RFA: Fix PR38785

Fri Mar 6 16:58:00 GMT 2009

On Fri, Mar 6, 2009 at 12:30 AM,  <amylaar@spamcop.net> wrote:
> Quoting Daniel Berlin <dberlin@dberlin.org>:
>
>> Uh
>>
>> +             /* If optimizing for size, insert at most one
>> +                new expression to avoid increasing code size.  */
>> +             if (optimize_function_for_speed_p (cfun)
>> +                 ? (1 || ppre_n_insert_for_speed_p (expr, block,
>> inserts_needed))
>> +                 : EDGE_COUNT (block->preds) - inserts_needed == 1)
>> +               new_stuff |=
>> +                 insert_into_preds_of_block (block,
>> +                                             get_expression_id (expr),
>> +                                             avail);
>>
>> 1 || ?
>
> IIRC this was the place where I initially thought I would have to throttle
> the transformation, from my understanding of what Steven Bosscher
> suggested.  But it didn't really help.  Then I found this other
> place in do_partial_partial_insertion where I had to apply the throttle
> to avoid the exponential explosion.
> That helped quite a lot, and bitmnp with this throttled partial-pre was
> faster even than with partial-pre completely turned off.
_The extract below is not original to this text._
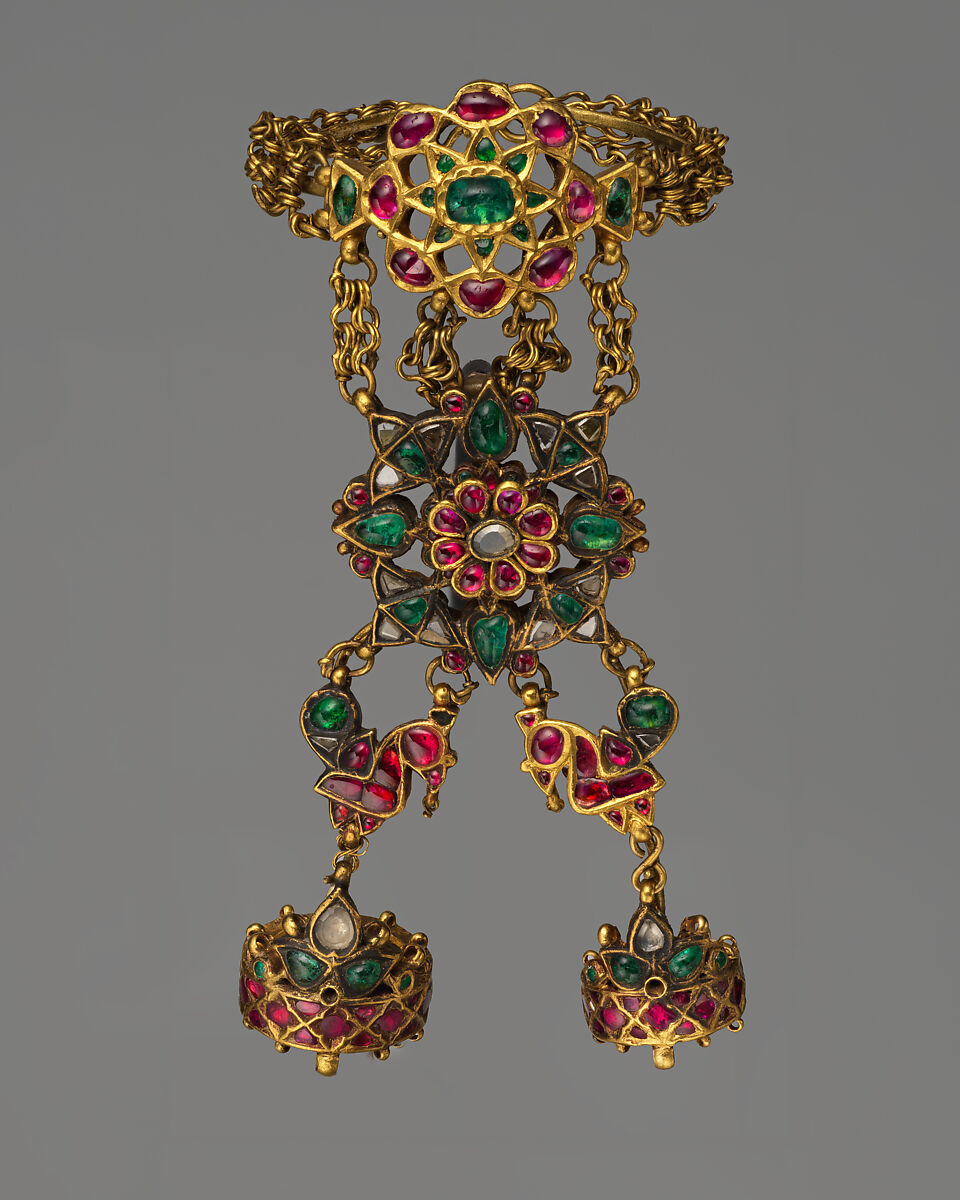 Hand Ornament with Finger Loops and Bracelet (Hathphul), Gold; inset with rubies, emeralds, and colorless sapphires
> Then I slipped in this "1 ||" before my original call site of
> ppre_n_insert_for_speed_p and asked my collegue to also run an EEMBC run
> for that version, and it turned out that there was no difference in
> performance for any of the EEMBC benchmarks within the accuracy of the
> measurements.  So I left this test disabled.  It still sort-of documents
> what the original idea for the input values for that heuristic was.
> It would be interesting if someone could find out if that site is actually
> a useful place for this or another heuristic.
>
>> BTW, I find it mildly humorous that RTL level PRE, if improved, would
>> do exactly what i separated out into an option as partial-partial PRE.
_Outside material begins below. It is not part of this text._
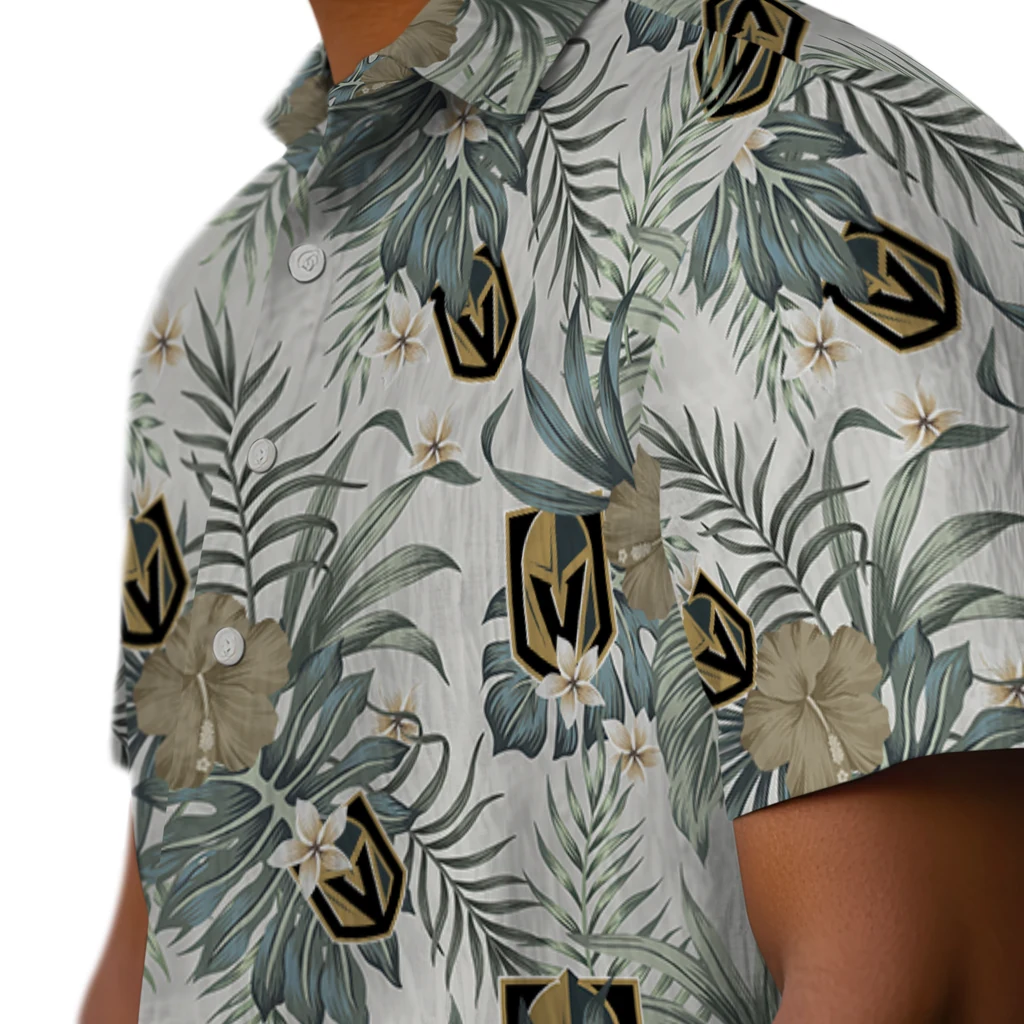 Vegas Golden Knights Hawaiian Shirt - Hibiscus Designs vegas golden knights hibiscus designs beige hawaiian shirts trendy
>> (because RTL level PRE is a complete PRE).
>
> I don't think that is the case.
It's provable.
What is called "partial partial PRE" is simply partial availablity +
partial anticipation.
LCM, which RTL PRE uses, does this by default, there is no way to turn
it off or remove it from the calculations.
Since RTL PRE has no cost metric at all, if the scanning was improved
to actually work sanely, it would indeed perform exactly the
optimizations you are turning off here.

--Dan